Now, I'd expect to get 3*1 + 4 = 7, but instead, my model thinks it is 11.

[[ 10.7286,  11.0499,  10.9448,  ...,  11.0812,  10.9387,
      10.7516],
    [ 10.7286,  11.0499,  10.9448,  ...,  11.0812,  10.9387,
      10.7516],
    [ 10.7286,  11.0499,  10.9448,  ...,  11.0812,  10.9387,
      10.7516],
    ...,
    [ 10.7286,  11.0499,  10.9448,  ...,  11.0812,  10.9387,
      10.7516],
    [ 10.7286,  11.0499,  10.9448,  ...,  11.0812,  10.9387,
      10.7516],
    [ 10.7286,  11.0499,  10.9448,  ...,  11.0812,  10.9387,
      10.7516]])

Similarly, if I change the rule to y=3x+8, my model guesses 19. So, I am not sure what is going on. Why is the constant being added twice? By the way, if I just set the rule to y=3x, my model correctly infers 3, and for y=mx in general my model correctly infers m. For some reason, the constant term is throwing it off. Any help to solve this problem is much appreciated. Thanks!


Solution

  • Your network does not learn long enough. It gets a vector with 500 features to describe a single datum.
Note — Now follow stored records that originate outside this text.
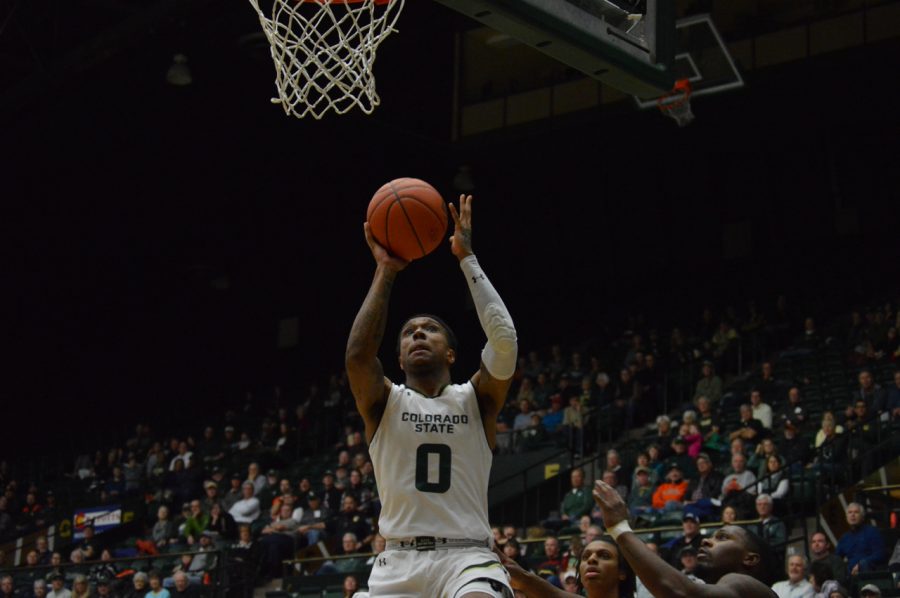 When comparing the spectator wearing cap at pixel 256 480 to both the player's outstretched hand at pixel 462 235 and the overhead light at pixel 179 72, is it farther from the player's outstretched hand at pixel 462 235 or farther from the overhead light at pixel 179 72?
the player's outstretched hand at pixel 462 235

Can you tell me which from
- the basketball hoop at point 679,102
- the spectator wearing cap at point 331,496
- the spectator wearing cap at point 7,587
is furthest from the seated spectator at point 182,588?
the basketball hoop at point 679,102

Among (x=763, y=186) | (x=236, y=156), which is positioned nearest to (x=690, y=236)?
(x=763, y=186)

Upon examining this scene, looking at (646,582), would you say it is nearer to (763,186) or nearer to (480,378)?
(480,378)

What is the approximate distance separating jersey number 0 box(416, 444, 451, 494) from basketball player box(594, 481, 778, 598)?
2.02 feet

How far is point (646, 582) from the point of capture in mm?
4758

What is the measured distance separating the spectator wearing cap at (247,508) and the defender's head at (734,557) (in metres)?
13.6

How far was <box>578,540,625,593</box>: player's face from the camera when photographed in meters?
5.34

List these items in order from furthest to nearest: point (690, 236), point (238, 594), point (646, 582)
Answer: point (690, 236), point (238, 594), point (646, 582)

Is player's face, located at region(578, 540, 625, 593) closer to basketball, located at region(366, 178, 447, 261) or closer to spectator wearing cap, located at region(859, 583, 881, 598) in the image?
basketball, located at region(366, 178, 447, 261)

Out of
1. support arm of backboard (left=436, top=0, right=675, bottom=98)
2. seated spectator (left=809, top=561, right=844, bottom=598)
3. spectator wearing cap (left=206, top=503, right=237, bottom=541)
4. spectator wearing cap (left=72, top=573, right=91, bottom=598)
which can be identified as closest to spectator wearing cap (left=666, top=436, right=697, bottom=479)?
seated spectator (left=809, top=561, right=844, bottom=598)

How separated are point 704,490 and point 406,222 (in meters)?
9.11

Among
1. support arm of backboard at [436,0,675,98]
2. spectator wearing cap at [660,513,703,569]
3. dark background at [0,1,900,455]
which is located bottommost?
spectator wearing cap at [660,513,703,569]

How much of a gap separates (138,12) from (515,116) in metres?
7.13

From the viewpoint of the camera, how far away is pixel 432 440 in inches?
210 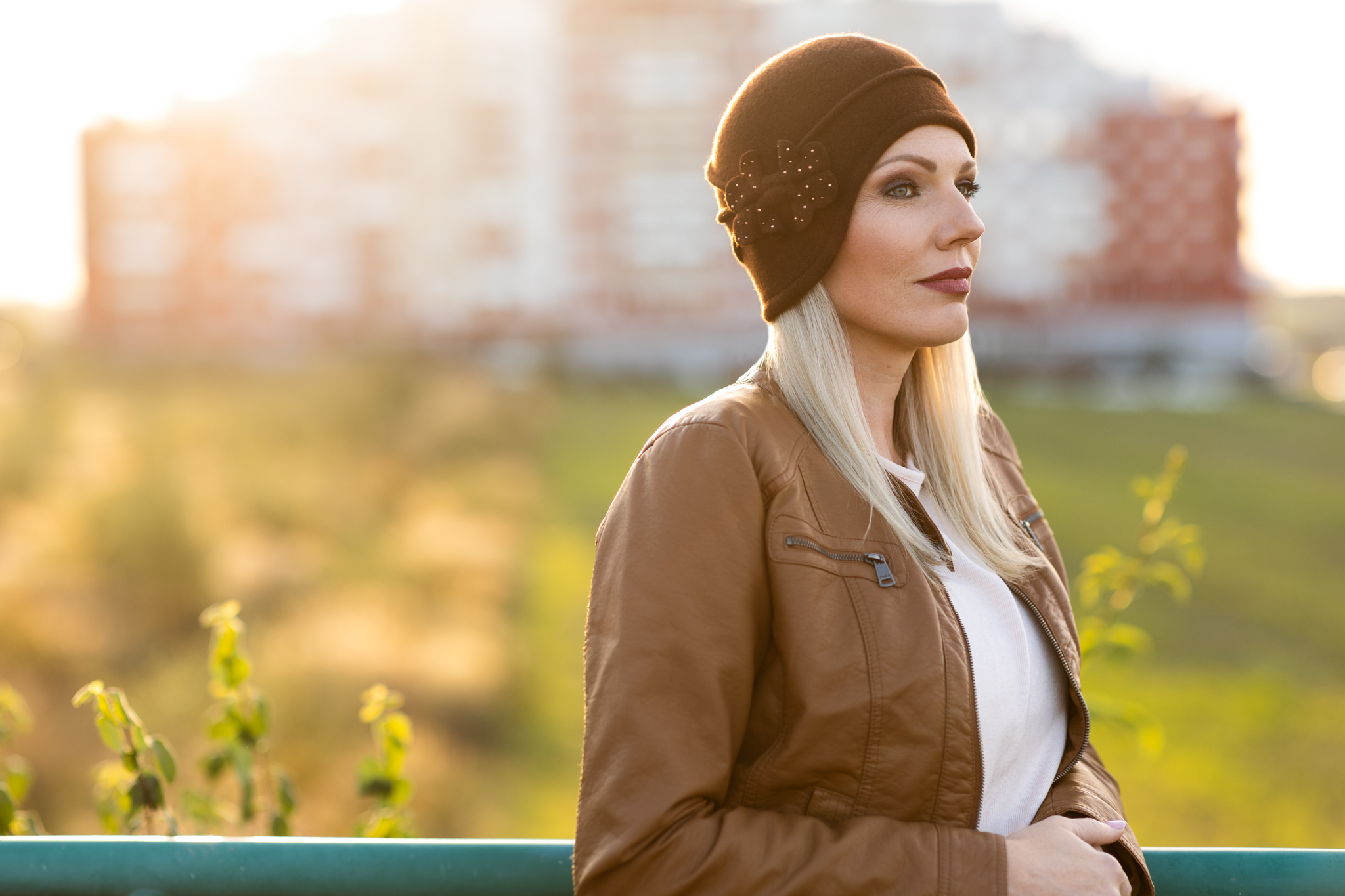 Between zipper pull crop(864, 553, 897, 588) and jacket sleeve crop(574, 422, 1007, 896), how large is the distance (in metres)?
0.15

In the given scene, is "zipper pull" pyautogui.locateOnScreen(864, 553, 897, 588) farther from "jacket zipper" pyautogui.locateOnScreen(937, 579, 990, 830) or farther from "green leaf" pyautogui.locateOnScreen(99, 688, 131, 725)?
"green leaf" pyautogui.locateOnScreen(99, 688, 131, 725)

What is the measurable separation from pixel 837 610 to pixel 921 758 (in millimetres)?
201

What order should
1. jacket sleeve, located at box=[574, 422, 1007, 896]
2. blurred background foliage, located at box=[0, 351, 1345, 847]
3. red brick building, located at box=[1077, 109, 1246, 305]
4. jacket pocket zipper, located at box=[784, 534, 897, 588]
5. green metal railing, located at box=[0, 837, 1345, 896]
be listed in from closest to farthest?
jacket sleeve, located at box=[574, 422, 1007, 896] → jacket pocket zipper, located at box=[784, 534, 897, 588] → green metal railing, located at box=[0, 837, 1345, 896] → blurred background foliage, located at box=[0, 351, 1345, 847] → red brick building, located at box=[1077, 109, 1246, 305]

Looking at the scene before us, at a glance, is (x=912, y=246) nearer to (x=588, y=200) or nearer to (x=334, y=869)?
(x=334, y=869)

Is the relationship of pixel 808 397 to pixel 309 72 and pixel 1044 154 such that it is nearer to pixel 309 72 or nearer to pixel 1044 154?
pixel 1044 154

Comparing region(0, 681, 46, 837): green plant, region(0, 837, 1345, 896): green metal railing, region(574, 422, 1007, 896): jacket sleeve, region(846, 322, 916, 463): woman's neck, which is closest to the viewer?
region(574, 422, 1007, 896): jacket sleeve

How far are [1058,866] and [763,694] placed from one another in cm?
40

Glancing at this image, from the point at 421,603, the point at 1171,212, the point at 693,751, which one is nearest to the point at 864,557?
the point at 693,751

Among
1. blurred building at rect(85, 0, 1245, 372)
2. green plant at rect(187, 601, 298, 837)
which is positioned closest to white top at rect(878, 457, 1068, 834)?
green plant at rect(187, 601, 298, 837)

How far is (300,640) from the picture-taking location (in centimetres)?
899

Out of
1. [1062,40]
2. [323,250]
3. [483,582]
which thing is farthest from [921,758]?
[1062,40]

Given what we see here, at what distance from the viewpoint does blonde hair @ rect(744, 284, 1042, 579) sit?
1.53 m

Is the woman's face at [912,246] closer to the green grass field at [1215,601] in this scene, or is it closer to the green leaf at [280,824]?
the green leaf at [280,824]

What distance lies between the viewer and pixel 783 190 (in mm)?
1606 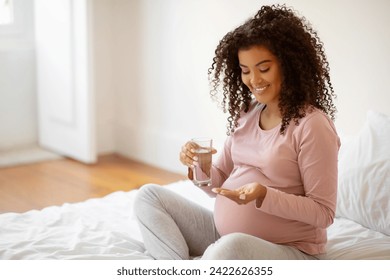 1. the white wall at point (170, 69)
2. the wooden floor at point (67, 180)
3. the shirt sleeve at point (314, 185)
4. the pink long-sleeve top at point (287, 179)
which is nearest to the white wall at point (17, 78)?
the white wall at point (170, 69)

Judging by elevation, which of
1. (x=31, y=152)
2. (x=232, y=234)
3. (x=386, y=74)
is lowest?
(x=31, y=152)

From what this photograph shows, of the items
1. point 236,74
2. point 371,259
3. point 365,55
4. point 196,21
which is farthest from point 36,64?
point 371,259

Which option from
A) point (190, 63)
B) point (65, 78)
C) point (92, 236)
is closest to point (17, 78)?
point (65, 78)

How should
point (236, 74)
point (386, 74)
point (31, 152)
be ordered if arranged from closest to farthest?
point (236, 74) → point (386, 74) → point (31, 152)

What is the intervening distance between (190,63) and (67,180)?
2.87 ft

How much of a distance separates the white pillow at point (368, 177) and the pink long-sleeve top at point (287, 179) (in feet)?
1.41

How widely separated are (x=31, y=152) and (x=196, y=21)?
1.31 meters

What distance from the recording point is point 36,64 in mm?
4211

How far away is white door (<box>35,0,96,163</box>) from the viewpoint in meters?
3.79

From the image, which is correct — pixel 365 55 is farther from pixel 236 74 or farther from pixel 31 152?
pixel 31 152

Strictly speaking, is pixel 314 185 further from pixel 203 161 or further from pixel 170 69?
pixel 170 69

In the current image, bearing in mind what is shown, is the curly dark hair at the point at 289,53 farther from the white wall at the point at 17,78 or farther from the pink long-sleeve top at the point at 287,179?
the white wall at the point at 17,78

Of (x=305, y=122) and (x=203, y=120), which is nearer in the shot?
(x=305, y=122) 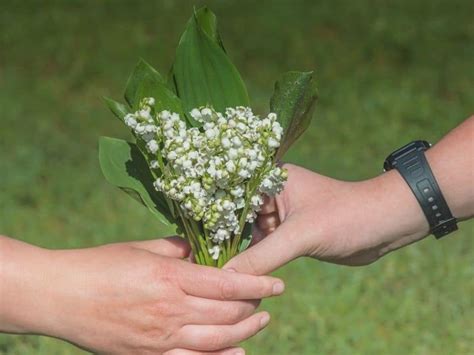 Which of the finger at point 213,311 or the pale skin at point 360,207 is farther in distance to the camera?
the pale skin at point 360,207

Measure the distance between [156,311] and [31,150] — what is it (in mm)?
2589

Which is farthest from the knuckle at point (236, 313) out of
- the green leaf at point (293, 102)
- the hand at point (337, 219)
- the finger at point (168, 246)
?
the green leaf at point (293, 102)

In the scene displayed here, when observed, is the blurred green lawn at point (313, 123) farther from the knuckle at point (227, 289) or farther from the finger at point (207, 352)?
the knuckle at point (227, 289)

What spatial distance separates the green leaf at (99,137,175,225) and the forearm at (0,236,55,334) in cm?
23

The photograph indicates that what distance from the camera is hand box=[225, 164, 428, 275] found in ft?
7.28

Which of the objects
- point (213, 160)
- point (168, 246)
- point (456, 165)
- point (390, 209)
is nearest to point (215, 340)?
point (168, 246)

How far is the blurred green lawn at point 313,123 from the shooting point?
10.9 feet

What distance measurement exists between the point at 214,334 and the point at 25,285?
0.40 metres

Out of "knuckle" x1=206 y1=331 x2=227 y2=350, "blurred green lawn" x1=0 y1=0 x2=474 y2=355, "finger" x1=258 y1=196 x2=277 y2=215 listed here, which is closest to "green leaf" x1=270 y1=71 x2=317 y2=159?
"finger" x1=258 y1=196 x2=277 y2=215

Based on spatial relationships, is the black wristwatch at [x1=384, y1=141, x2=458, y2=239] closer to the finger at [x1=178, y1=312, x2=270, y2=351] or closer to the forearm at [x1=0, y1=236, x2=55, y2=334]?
the finger at [x1=178, y1=312, x2=270, y2=351]

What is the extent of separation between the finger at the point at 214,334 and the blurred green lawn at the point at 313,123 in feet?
3.43

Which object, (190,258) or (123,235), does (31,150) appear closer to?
(123,235)

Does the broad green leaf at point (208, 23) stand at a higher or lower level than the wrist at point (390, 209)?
higher

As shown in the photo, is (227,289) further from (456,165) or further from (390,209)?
(456,165) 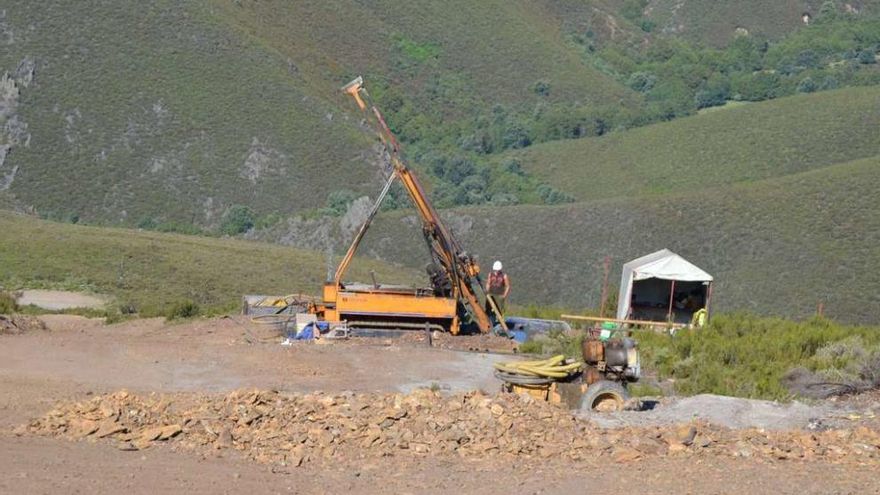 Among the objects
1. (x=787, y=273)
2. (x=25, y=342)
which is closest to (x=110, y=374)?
(x=25, y=342)

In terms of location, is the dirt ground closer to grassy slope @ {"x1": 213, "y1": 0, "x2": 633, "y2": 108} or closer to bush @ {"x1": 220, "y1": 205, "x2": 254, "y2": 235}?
bush @ {"x1": 220, "y1": 205, "x2": 254, "y2": 235}

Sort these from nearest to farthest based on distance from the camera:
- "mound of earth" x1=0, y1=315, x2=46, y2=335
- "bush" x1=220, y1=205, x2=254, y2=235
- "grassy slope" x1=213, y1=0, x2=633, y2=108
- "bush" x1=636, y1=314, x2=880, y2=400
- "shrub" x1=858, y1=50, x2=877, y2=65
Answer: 1. "bush" x1=636, y1=314, x2=880, y2=400
2. "mound of earth" x1=0, y1=315, x2=46, y2=335
3. "bush" x1=220, y1=205, x2=254, y2=235
4. "grassy slope" x1=213, y1=0, x2=633, y2=108
5. "shrub" x1=858, y1=50, x2=877, y2=65

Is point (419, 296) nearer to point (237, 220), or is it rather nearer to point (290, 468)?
point (290, 468)

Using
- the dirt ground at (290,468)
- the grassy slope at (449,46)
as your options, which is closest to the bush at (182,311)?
the dirt ground at (290,468)

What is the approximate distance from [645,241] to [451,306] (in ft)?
95.3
    Your network has to map the big input of 500 features to an output including 500 values. Your trainingdata is randomly created, not like your simple example, so I think you just have to train longer to fit your weights to approximate this function from R^500 to R^500.

    If I reduce the input and output dimensionality and increase the batch size, learning rate and training steps I get the expected result:

    import torch
    
    D_in = 100
    D_out = 100
    batch = 512
    
    model=torch.nn.Sequential(
         torch.nn.Linear(D_in,D_out),
    )
    
    x_data=torch.rand(batch,D_in)
    y_data=torch.randn(batch,D_out)
    for i in range(batch):
        for j in range(D_in):
             y_data[i][j]=3*x_data[i][j]+4 # model thinks y=mx+c -> y=mx+2c?
    
    loss_fn=torch.nn.MSELoss(size_average=False)
    optimizer=torch.optim.Adam(model.parameters(),lr=0.01)
    
    for epoch in range(10000):
        y_pred=model(x_data)
        loss=loss_fn(y_pred,y_data)
        optimizer.zero_grad()
        loss.backward()
        optimizer.step()
    
    test_data=torch.ones(batch,D_in)
    y_pred=model(test_data)
    print(y_pred)
    

    If you just want to approximate f(x) = 3x + 4 with only one input you could also set D_in and D_out to 1.